Curtis Young

No. 93, 2
- Position: Defensive end/linebacker

Personal information
- Born: January 8, 1987 (age 39)
- Listed height: 6 ft 2 in (1.88 m)
- Listed weight: 290 lb (132 kg)

Career information
- High school: Cleveland (OH) Glenville
- College: Cincinnati
- NFL draft: 2010: undrafted

Career history
- Sacramento Mountain Lions (2010); Green Bay Packers (2010–2011)*; Cleveland Gladiators (2012); Pittsburgh Power (2013–2014); Philadelphia Soul (2015); Cleveland Gladiators (2015–2016); Washington Valor (2019);
- * Offseason or practice squad member only

Awards and highlights
- Super Bowl champion (XLV);

Career AFL statistics
- Total tackles: 85.5
- Sacks: 10
- Forced fumbles: 6
- Pass deflections: 2
- Stats at ArenaFan.com

= Curtis Young =

American football player (born 1987)

Curtis Young (born January 8, 1987) is an American former professional football defensive end.

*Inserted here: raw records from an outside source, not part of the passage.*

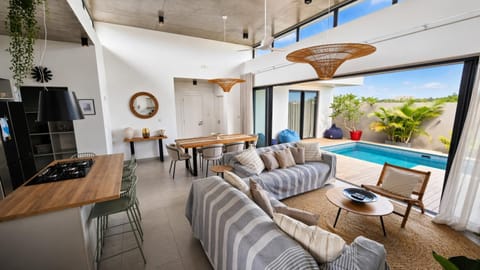 Seating area, Dining area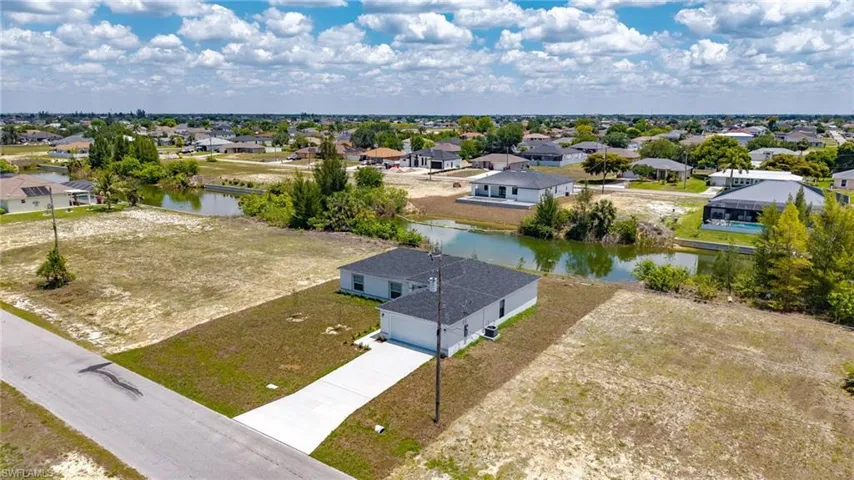 923 Ne 1st Ave, Cape Coral, Florida 33909
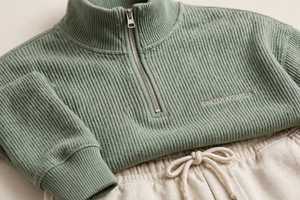 เสื้อฮู้ดผู้ชายแบบสวมใส่สบาย ผ้าถักเนื้อหนา มีซิปครึ่งตัว สีเขียวล้วน ทรงปกติ สำหรับฤดูหนาว รับผลิตแบบ OEM - Product Image 4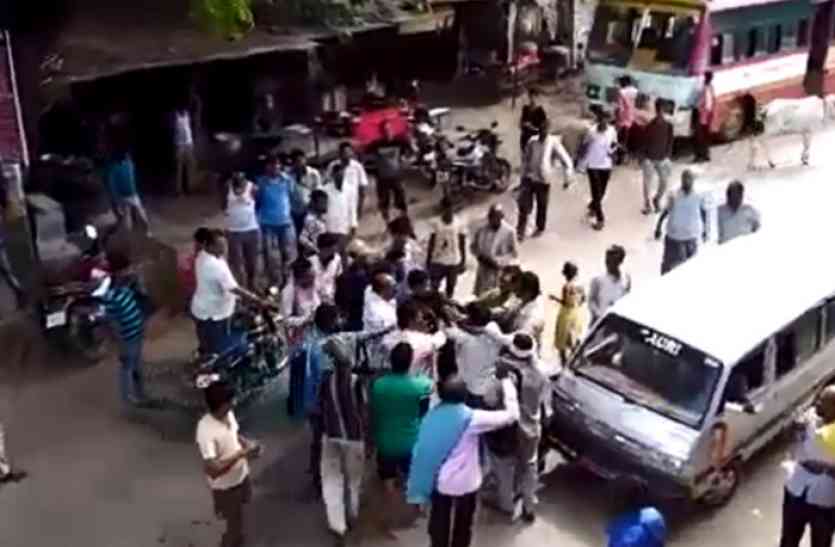 Fight on Road देखिए पिटाई का live video, पुलिस खड़ी देखती रही तमाशा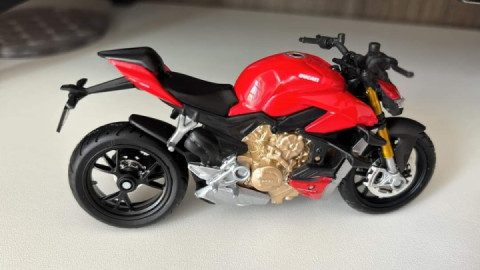 Now my son has his own Streetfighter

He was a member of the Sacramento Mountain Lions, Green Bay Packers, Cleveland Gladiators, Pittsburgh Power, Philadelphia Soul, and Washington Valor.

==Career==
On March 24, 2015, Young was assigned to the Philadelphia Soul on a 1-year deal. On May 26, 2015, Young was placed on recallable reassignment by the Soul. On June 3, 2015, Young was assigned to the Cleveland Gladiators. The Gladiators placed Young on reassignment on July 8, 2015.On March 10, 2016, Young was assigned to the Gladiators. On July 26, 2016, Young was placed on reassignment.